Friday, November 15, 2013

Germany Part 2 - the Rhine Valley, Burg Eltz and the River Tour

We got off to an earlier start on Day 2 in the Rhine Valley since we had a lot planned.  We had snagged some delicious German pastries in downtown St. Goar the previous day and noshed on those for breakfast before heading out.  We drove back north (downstream actually) and to the west, across the Mosel River, and finally into a heavily wooded area.  We parked in the lot and decided that the crisp cool air was perfect for taking the walking trail to Burg Eltz.  We walked through some incredibly gorgeous, green hiking trails flanked by beautifully forested valleys.
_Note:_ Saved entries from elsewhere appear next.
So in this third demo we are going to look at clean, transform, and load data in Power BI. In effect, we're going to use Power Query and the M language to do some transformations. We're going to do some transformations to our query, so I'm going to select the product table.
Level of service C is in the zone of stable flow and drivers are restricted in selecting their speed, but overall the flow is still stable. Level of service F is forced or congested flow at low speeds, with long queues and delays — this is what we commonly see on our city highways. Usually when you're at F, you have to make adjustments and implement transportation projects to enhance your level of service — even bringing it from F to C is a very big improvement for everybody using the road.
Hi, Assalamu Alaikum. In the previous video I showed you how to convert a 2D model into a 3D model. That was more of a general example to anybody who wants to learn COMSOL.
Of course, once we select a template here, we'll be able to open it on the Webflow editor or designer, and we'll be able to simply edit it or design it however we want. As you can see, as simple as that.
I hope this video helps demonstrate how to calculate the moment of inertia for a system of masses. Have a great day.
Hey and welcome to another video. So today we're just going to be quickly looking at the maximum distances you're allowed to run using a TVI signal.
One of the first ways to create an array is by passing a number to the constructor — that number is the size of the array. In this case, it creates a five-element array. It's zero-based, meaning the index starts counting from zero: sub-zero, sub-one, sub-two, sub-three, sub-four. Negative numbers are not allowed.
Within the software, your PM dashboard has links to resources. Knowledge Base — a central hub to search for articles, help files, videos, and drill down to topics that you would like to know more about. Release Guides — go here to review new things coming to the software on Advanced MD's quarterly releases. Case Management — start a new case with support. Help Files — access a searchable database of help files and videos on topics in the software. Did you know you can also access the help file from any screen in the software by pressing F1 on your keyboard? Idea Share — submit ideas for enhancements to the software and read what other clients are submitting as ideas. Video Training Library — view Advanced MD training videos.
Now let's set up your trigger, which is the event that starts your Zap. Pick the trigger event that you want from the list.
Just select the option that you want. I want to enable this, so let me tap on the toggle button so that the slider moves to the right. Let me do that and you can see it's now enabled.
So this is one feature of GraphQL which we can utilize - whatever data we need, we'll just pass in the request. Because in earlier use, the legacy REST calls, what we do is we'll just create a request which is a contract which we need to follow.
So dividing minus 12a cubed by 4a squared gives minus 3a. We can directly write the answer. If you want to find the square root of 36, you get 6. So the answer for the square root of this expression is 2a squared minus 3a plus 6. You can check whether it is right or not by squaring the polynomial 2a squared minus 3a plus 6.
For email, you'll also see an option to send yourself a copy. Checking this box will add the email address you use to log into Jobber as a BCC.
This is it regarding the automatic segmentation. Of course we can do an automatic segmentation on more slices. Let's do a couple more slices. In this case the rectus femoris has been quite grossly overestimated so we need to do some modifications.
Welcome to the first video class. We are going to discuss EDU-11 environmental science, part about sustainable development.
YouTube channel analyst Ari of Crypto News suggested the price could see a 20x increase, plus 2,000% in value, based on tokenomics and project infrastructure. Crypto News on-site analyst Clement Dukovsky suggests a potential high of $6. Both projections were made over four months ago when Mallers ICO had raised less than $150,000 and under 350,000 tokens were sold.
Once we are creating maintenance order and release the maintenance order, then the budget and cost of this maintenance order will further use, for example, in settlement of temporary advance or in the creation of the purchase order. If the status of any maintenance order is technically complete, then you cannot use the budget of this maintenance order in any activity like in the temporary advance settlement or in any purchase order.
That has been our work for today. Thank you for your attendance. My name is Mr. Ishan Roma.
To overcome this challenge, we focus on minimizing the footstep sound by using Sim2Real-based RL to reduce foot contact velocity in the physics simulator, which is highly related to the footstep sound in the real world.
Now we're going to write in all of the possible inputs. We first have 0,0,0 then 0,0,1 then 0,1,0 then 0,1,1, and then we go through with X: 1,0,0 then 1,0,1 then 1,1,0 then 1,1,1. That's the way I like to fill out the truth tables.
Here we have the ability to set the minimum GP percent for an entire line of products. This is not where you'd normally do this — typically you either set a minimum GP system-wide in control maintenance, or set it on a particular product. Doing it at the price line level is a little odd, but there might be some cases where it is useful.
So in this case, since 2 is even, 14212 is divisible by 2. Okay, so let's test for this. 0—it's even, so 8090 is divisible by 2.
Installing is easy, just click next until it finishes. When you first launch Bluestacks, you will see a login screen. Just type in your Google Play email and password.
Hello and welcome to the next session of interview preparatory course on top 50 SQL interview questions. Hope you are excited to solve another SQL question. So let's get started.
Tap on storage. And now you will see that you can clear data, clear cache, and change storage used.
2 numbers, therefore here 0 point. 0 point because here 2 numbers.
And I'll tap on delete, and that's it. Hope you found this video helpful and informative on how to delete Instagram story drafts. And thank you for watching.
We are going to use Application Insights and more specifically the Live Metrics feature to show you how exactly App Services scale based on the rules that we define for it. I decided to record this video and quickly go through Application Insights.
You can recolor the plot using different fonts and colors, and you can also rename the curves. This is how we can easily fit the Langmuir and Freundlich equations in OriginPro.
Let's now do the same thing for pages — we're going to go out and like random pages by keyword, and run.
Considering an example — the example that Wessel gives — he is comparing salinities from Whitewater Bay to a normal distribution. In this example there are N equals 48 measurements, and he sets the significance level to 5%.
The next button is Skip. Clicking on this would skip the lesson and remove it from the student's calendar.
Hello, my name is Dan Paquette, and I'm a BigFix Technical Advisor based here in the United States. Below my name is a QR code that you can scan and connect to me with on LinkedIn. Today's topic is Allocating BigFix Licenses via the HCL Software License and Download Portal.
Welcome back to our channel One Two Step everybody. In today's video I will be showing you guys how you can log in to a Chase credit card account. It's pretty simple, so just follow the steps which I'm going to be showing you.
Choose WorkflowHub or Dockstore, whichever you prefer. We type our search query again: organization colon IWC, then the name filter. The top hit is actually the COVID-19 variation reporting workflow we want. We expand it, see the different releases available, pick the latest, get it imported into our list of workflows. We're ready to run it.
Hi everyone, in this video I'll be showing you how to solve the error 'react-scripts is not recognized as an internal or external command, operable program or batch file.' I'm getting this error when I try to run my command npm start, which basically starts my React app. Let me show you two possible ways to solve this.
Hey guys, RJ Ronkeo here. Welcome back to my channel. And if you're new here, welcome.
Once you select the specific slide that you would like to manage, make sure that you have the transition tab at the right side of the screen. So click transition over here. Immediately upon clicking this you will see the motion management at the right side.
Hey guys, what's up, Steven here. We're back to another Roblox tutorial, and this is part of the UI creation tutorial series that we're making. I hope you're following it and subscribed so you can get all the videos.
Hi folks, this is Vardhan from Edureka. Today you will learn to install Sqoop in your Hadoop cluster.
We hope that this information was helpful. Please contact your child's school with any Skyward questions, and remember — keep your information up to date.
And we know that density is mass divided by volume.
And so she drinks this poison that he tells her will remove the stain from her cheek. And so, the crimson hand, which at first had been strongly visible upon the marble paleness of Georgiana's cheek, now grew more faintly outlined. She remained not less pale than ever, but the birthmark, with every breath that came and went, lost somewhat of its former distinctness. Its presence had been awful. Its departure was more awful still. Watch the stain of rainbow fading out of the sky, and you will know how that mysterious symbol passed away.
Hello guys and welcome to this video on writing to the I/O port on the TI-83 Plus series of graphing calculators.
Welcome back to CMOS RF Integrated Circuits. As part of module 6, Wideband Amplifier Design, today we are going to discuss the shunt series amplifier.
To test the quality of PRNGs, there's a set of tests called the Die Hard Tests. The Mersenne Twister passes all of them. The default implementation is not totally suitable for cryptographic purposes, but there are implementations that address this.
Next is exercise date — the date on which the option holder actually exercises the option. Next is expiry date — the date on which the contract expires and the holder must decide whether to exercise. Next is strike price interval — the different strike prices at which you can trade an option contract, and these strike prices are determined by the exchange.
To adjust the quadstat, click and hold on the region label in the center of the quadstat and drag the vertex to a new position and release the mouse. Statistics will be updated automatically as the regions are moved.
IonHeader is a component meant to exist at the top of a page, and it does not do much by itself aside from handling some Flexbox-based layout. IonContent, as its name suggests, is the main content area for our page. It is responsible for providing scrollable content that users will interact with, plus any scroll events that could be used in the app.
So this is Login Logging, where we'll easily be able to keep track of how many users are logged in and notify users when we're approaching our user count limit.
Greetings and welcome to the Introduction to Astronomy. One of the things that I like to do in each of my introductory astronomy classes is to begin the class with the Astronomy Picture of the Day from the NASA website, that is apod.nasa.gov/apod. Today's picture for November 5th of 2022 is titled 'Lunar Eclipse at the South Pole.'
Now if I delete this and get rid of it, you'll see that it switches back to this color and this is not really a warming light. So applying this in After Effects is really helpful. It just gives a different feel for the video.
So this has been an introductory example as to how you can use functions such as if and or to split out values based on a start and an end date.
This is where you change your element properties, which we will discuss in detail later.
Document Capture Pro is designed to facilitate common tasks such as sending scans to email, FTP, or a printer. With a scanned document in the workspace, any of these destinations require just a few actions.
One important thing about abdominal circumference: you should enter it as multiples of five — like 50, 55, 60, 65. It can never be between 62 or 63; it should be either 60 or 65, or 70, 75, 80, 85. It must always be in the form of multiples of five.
With the fog hovering over the trees it was almost unreal.  And finally we come to a bend in the trail, turn the corner and all let out a loud gasp at the completely gorgeous sight that met our eyes:
Burg Eltz is one of the only privately owned castles still inexistance in German.  It never fell in a battle and as such it is one of the most well preserved castles in the region.  The family that owns the castle actually still maintains a vacation residence in one wing of the castle.  Could you imagine - vacationing in a castle surrounded by rolling hills and the trickling of the River Eltz flowing below?  It was magical.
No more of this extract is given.